Kura

Kura is a Rust server for building low-latency cache meshes for tenants, handling distributed cache traffic for binary artifacts and metadata.

[!NOTE] Kura comes from the Japanese word 蔵 (kura), which refers to a storehouse or warehouse. The name fits the system's role: keeping build artifacts and cache metadata stored durably and close at hand so they can be served with low latency.

Summary ✨

⚡ Hot reads come from local disk
🪨 Local metadata, multipart state, and the replication outbox live in RocksDB
🔁 Blobs and cache metadata replicate to peer nodes with eventual consistency
🔎 Nodes can discover peers through DNS and bootstrap themselves from already-running nodes
📦 Kura actively supports Bazel and Buck2 REAPI, Xcode Cache, Gradle, and Tuist Module Cache
🧪 Compatibility endpoints for Nx and React Native Metro are available, but they are not a primary focus today
🧰 The gRPC API exposes the Bazel Remote Execution cache services used by Bazel and Buck2
📊 The local stack includes Grafana, Prometheus, Loki, Promtail, and Tempo traces

Supported cache protocols

Actively supported:

Bazel and Buck2: Bazel Remote Execution API v2 over gRPC on KURA_GRPC_PORT
Xcode Cache: HTTP CAS artifacts on POST/GET /api/cache/cas/{id} and action-cache style entries on PUT/GET /api/cache/keyvalue
Gradle: PUT/GET /api/cache/gradle/{cache_key}
Module Cache: multipart uploads on POST /api/cache/module/start, POST /api/cache/module/part, POST /api/cache/module/complete, and HEAD/GET /api/cache/module/{id}

Compatibility surfaces:

Nx: self-hosted remote cache API on GET/PUT /v1/cache/{hash}
React Native Metro: HttpStore / HttpGetStore on GET/PUT /api/metro/cache/{cache_key}

Local stack 🧪

Run:

bash

docker compose up --build -d

Useful endpoints:

http://localhost:4101/up
http://localhost:4101/ready
http://localhost:4101/status/rollout
http://localhost:4102/up
http://localhost:4102/ready
http://localhost:4102/status/rollout
http://localhost:4103/up
http://localhost:4103/ready
http://localhost:4103/status/rollout
grpc://localhost:5101 for Bazel/Buck2 REAPI against kura-us
grpc://localhost:5102 for Bazel/Buck2 REAPI against kura-eu
grpc://localhost:5103 for Bazel/Buck2 REAPI against kura-ap
http://localhost:3000 for Grafana with admin / admin
http://localhost:9090 for Prometheus
http://localhost:3100 for Loki
http://localhost:3200 for Tempo

Toolchain 🛠️

Install Rust from mise.toml:

bash

mise trust mise.toml
mise install

Run tests:

bash

mise x [email protected] -- cargo test
mise x [email protected] -- shellspec

Runtime configuration is summarized in the table under Runtime Model And Limits.
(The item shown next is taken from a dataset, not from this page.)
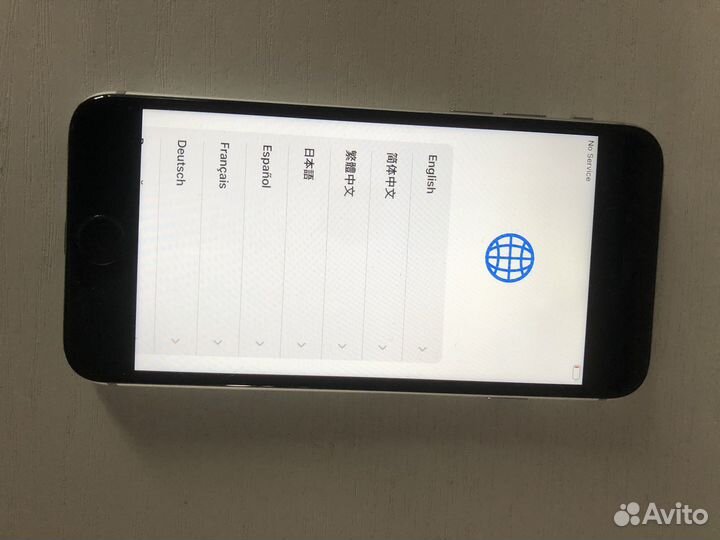 Мобильные телефоны бу iPhone 6s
Kura now derives sensible defaults for the main FD, memory, and metadata-store budgets at startup when you do not set them explicitly.

🗺️ Project Areas

Kura is easier to read by subsystem than by tutorial step. The sections below group the project by the main areas you operate or extend.

🔌 Protocol surfaces
🗄️ Storage and replication
⚙️ Runtime model and limits
📊 Observability
📣 Runtime analytics
☸️ Deployment options
🧩 Extensions and policy

🔌 Protocol Surfaces

Kura exposes multiple cache protocols behind one service. The actively supported surfaces are:

🛠️ Bazel and Buck2: REAPI over gRPC on KURA_GRPC_PORT
🍎 Xcode Cache: POST/GET /api/cache/cas/{id}?tenant_id=...&namespace_id=...
🗂️ KeyValue / action-cache entries: PUT /api/cache/keyvalue?tenant_id=...&namespace_id=...
🐘 Gradle: PUT/GET /api/cache/gradle/{cache_key}?tenant_id=...&namespace_id=...
📦 Module Cache: POST /api/cache/module/start?..., POST /api/cache/module/part?..., POST /api/cache/module/complete?..., HEAD/GET /api/cache/module/{id}?...
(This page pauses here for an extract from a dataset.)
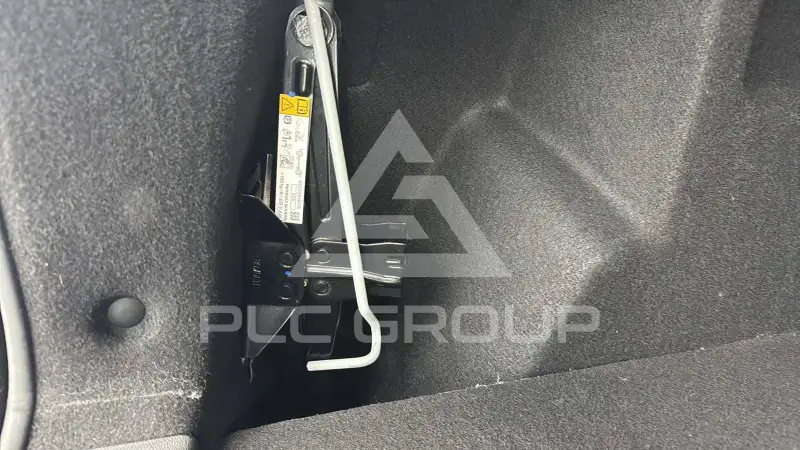 2025 Dacia Duster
Kura also exposes compatibility endpoints that are not a primary focus today:

🧱 Nx: PUT/GET /v1/cache/{hash}
📱 Metro: PUT/GET /api/metro/cache/{cache_key}

The local compose stack is still the quickest way to exercise all of those surfaces together:

bash

docker compose up --build -d

Example Xcode artifact round trip:

bash

curl -X POST \
  "http://localhost:4101/api/cache/cas/artifact-1?tenant_id=acme&namespace_id=ios" \
  -H "content-type: application/octet-stream" \
  --data-binary "xcode-binary"

curl \
  "http://localhost:4102/api/cache/cas/artifact-1?tenant_id=acme&namespace_id=ios"

Example keyvalue entry round trip:

bash

curl -X PUT \
  "http://localhost:4101/api/cache/keyvalue?tenant_id=acme&namespace_id=ios" \
  -H "content-type: application/json" \
  -d '{"cas_id":"cas-1","entries":[{"value":"hello"},{"value":"world"}]}'

curl \
  "http://localhost:4103/api/cache/keyvalue/cas-1?tenant_id=acme&namespace_id=ios"

🗄️ Storage And Replication

Kura splits storage into two planes:

🪨 RocksDB stores metadata, keyvalue payloads, multipart state, tombstones, segment lifecycle state, and the replication outbox.
📦 Segment files store large immutable binary artifacts for the hot path.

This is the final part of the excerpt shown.